Months ago, Monticello golf coach Debbie Ashcraft asked Ward and his teammates if they wanted to caddie at the Western Amateur at the Alotian Club about two hours away.
“She said she could sign us up if we were interested,” he said.
They jumped at the chance. Ward had heard about the course — No. 15 in The Golf Digest rankings — the elevation changes, in particular, and yearned to see it in person. Walking the course and watching how the best college players do it would be a win-win.
“It was a once-in-a-lifetime chance,” said Ward, who regularly negotiates the nine holes at Monticello Country Club in one- or two-over par. “Our course is small and pretty open. I was definitely looking forward to just walking in the gate.”
The name of his employer was up in the air for a while. The first player he was matched with withdrew days ago. The second player he drew decided he didn’t want a caddie.
On Saturday evening, Steve Perkins notified Ward by email that his player would be Schniederjans.
Immediately, Ward went to Google and found that Schniederjans played at Georgia Tech and was a Third Team All-American.
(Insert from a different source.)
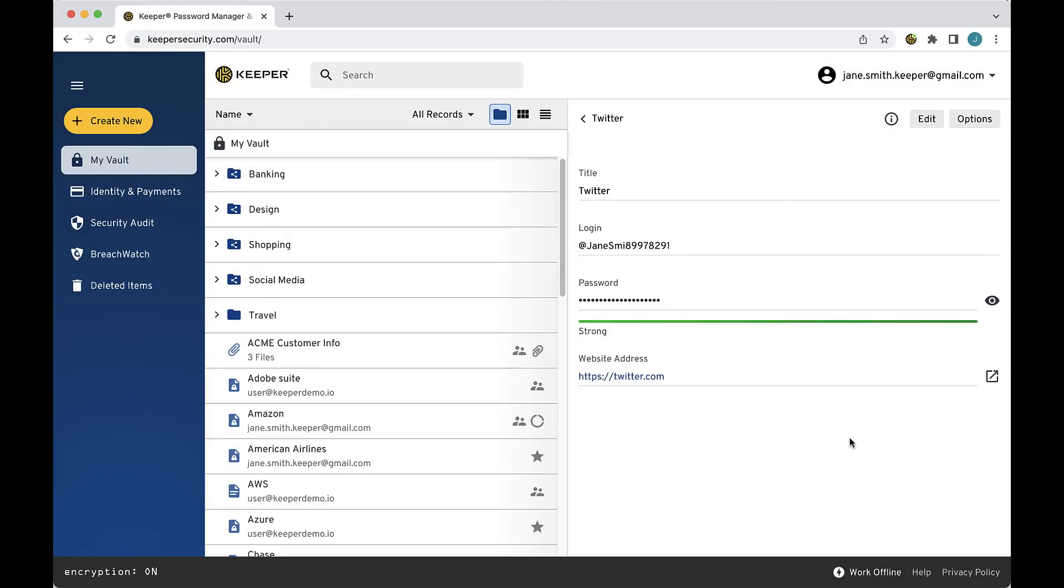Long, randomly generated passwords that are created for each of your logins help to protect your accounts from cyber theft and account takeover.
Since then, Schniederjans has qualified for the U.S. Amateur and finished fourth in the Southern Amateur, one shot out of a playoff for the championship.
At the Southern, he shot 72-64-73-68 — a bounce back on day two and day four that says he knows how to recover from the 75 he recorded on Tuesday. His first-round score is unimpressive; the way he went about is a tutorial.
Schniederjans started on the back nine Tuesday and when I caught up with him, he had a 7-foot birdie putt on No. 17. He missed — the theme of his round. On No. 18, he recorded his third three-putt for a discouraging 40.
He ignored his fellow competitors’ far right tee shots on the par-five first, crushed one down the middle, flew his second on the green, and promptly recorded a three-putt par that evoked a guttural yell. The fact that Texas’ Toni Hakula recovered from a poor tee shot with a 15-foot birdie putt made things worse. But, despite the frustration, Schniederjans stuck with his routine, checking his yardage book on every shot and prefacing every full swing with a false start takeaway.
After missing another short birdie putt on four, he found a smooth rock framing the cart path and moved his putter back and forth, checking his stroke.
Schniederjans mishit shots on the next three holes, but saved par each time — twice chipping with conviction — and was inside New Mexico’s Gavin Green and Hakula on their 16th hole.
Schniederjans three-putted, again, slipping to five over.
His long iron on the par-five eighth covered the flag, but was a yard too long. Instead of catching the slope and rolling towards the hole for a decent eagle putt, the ball hung in the fringe. He managed to wobble in a short putt for birdie.
On the final hole, the ball again somehow stayed above the hole, just off the putting surface. He chipped in for another birdie.
When it was over, Ward was smiling, reveling in what he had witnessed.
Asked, he admitted he still hadn’t asked about his salary. Between the scenery and the scoring, the money is immaterial, I suspect.